#### [TASK PROMPT]
Beginning with the line below that contains "roborock/ロボロック 4way全自動ドックQ EWFD12LRR - メルカリ" and ending with the line that contains "Independent Unisex Pullover", copy every line exactly. Copy nothing else.

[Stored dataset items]
----------
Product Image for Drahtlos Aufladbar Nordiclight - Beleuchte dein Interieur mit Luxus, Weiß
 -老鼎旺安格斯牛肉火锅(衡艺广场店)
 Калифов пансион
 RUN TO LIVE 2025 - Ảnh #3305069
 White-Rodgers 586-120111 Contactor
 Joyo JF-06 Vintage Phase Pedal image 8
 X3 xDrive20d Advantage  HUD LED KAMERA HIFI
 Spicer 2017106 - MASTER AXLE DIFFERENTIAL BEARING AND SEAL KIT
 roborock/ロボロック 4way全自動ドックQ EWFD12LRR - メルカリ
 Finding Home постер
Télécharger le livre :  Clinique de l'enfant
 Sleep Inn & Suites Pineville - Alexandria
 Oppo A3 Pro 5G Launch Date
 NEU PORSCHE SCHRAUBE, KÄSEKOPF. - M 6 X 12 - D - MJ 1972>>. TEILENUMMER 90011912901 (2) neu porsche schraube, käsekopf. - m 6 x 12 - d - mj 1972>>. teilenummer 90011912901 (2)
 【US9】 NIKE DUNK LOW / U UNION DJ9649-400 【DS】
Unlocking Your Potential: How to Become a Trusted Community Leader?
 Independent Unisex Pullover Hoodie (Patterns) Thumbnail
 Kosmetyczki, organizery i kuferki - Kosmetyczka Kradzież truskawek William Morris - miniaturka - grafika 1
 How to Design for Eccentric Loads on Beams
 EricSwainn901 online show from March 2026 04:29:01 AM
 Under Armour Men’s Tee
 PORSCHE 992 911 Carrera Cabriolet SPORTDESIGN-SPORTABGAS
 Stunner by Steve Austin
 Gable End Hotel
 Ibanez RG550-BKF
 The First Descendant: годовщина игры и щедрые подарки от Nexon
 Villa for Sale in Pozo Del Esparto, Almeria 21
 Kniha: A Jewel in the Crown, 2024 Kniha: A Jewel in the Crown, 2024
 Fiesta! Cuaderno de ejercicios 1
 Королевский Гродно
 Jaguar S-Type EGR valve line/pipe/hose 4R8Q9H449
----------
#### [EXERCISE RESPONSE]
 roborock/ロボロック 4way全自動ドックQ EWFD12LRR - メルカリ
 Finding Home постер
Télécharger le livre :  Clinique de l'enfant
 Sleep Inn & Suites Pineville - Alexandria
 Oppo A3 Pro 5G Launch Date
 NEU PORSCHE SCHRAUBE, KÄSEKOPF. - M 6 X 12 - D - MJ 1972>>. TEILENUMMER 90011912901 (2) neu porsche schraube, käsekopf. - m 6 x 12 - d - mj 1972>>. teilenummer 90011912901 (2)
 【US9】 NIKE DUNK LOW / U UNION DJ9649-400 【DS】
Unlocking Your Potential: How to Become a Trusted Community Leader?
 Independent Unisex Pullover Hoodie (Patterns) Thumbnail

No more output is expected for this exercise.